Debugging Network Performance

Bill Fink billfink at mindspring.com
Wed Jun 5 15:18:32 EST 2002


On Tue, 4 Jun 2002, Allen Curtis wrote:

> > If you think it is a kernel problem some benchmarks may help you narrow
> > down the problem. Networks are pretty fluid and sometimes hard to get
> > reproducible results. When I try to determine driver/kernel network
> > perfomance I try to use an isolated network where I have control over all
> > traffic or I use test hardware such as IXIA or Smartbits.
>
> All testing is done on an isolated network. I do not believe that the
> problem is in the driver itself. The driver has not changed significantly. I
> do need to check the error path since it appears that errors actually help
> performance.
>
> What is the best way to track packet processing through the kernel?

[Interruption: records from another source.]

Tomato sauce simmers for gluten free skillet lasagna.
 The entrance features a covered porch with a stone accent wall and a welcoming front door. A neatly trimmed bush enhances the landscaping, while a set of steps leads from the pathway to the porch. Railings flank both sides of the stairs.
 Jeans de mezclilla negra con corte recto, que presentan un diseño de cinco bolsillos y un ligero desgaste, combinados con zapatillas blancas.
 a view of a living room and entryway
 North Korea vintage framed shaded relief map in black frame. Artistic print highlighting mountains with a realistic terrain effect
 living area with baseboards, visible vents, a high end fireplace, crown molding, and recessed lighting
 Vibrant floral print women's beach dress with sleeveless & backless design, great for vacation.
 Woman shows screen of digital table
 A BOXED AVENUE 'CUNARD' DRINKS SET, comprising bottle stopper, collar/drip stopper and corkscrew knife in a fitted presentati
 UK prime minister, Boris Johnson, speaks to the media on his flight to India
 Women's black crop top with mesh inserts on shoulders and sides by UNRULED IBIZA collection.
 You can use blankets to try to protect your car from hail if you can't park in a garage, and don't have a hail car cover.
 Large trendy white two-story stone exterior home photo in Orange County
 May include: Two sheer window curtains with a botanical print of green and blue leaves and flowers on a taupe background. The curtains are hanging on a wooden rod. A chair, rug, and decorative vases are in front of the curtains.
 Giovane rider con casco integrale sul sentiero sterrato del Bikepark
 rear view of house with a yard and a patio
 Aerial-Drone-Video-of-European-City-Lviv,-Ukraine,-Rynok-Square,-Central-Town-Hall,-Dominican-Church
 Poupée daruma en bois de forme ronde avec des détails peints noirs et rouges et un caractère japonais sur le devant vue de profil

When I was helping to investigate a performance problem with the SUNGEM
driver versus the GMAC driver, Anton Blanchard made the following suggestion:

    "It would be interesting to see where the cpu is being used. Could you
    boot with profile=2 and use readprofile to find the worst cpu hogs
    during a run?"

I actually never tried doing this as the problem was resolved through
other methods, but it sounded like something possibly useful to try.

The problem with the poor SUNGEM performance turned out to be lots of
extraneous unnecessary interrupts, so you might want to check out the
eth0 interrupts in /proc/interrupts, comparing the two cases.